▸ TASK DIRECTIONS
Using the listing below, print the line containing "Set di 10 Cornice", the line containing "Twisted Bit Ranch | Wimberley TX", and each line between them, exactly and nothing else. Pictures stay out of the print.

▸ SUPPLIED RECORDS
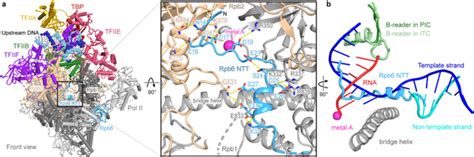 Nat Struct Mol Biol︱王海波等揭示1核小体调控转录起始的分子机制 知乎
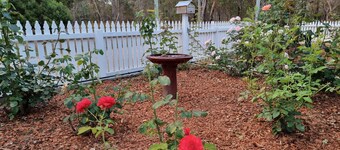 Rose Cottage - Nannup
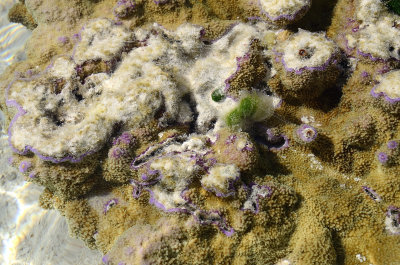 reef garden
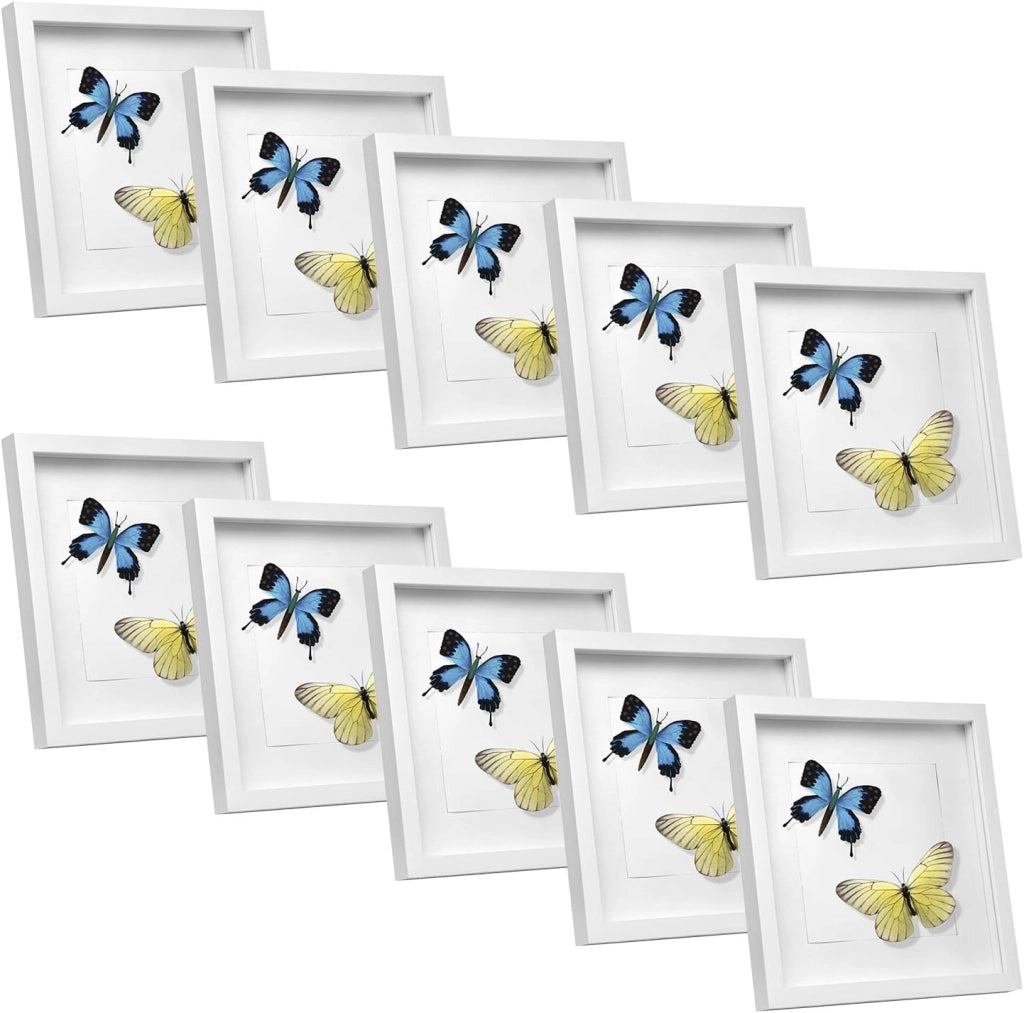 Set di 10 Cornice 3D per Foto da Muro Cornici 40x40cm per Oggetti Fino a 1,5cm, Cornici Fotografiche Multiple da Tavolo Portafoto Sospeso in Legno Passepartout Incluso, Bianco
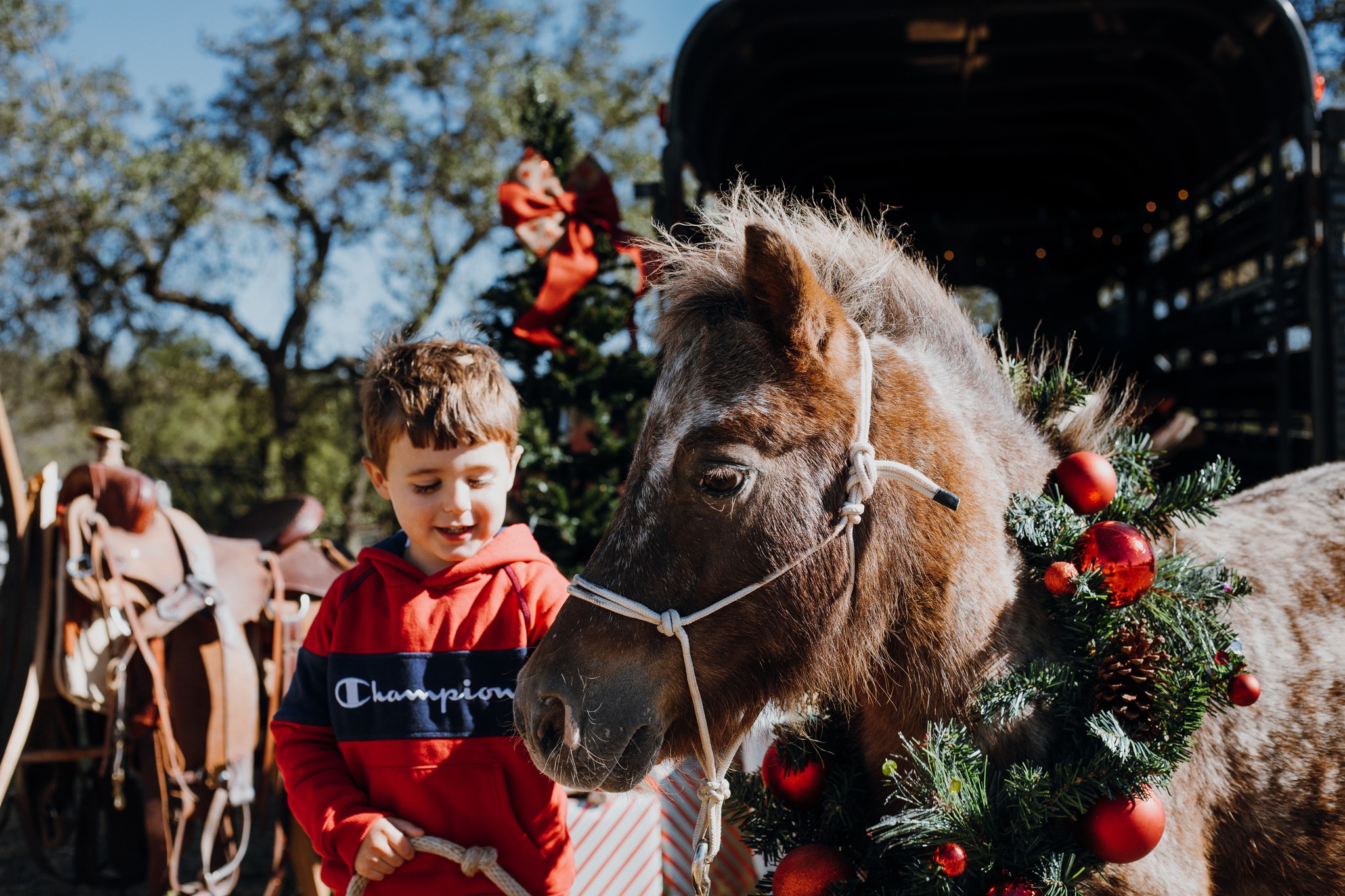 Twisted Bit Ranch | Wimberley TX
--
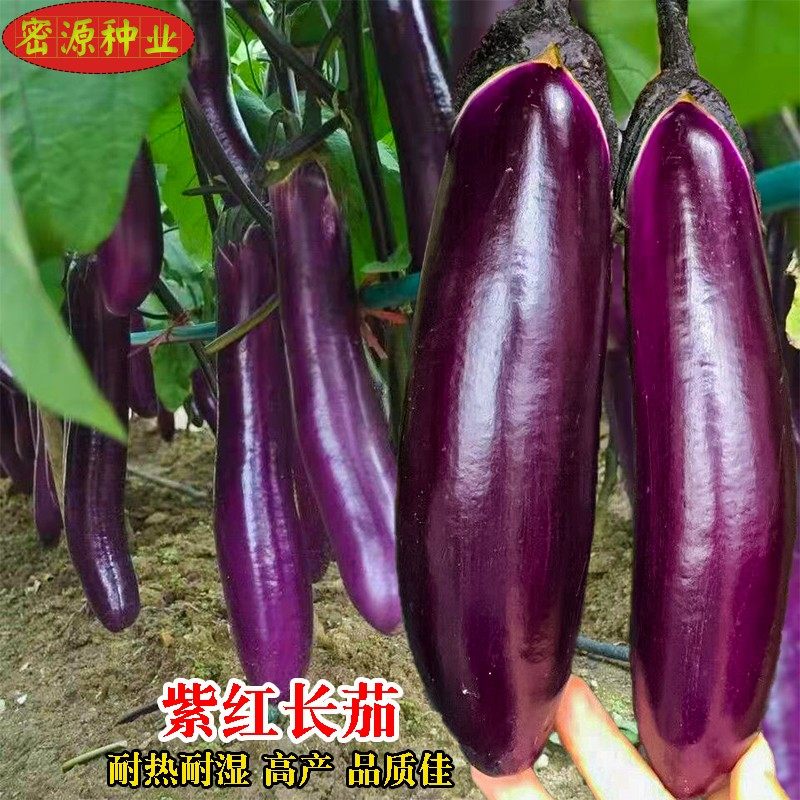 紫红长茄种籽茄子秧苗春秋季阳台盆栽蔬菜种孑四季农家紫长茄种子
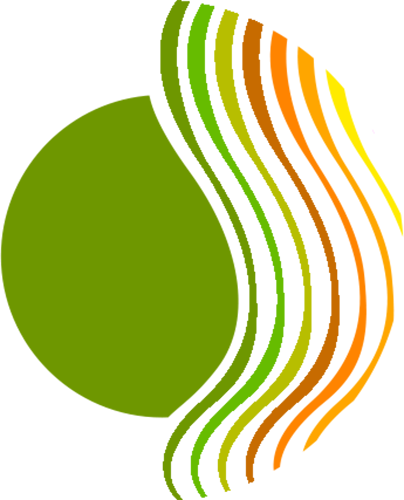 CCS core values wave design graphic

▸ FINAL ANSWER
 Set di 10 Cornice 3D per Foto da Muro Cornici 40x40cm per Oggetti Fino a 1,5cm, Cornici Fotografiche Multiple da Tavolo Portafoto Sospeso in Legno Passepartout Incluso, Bianco
 Twisted Bit Ranch | Wimberley TX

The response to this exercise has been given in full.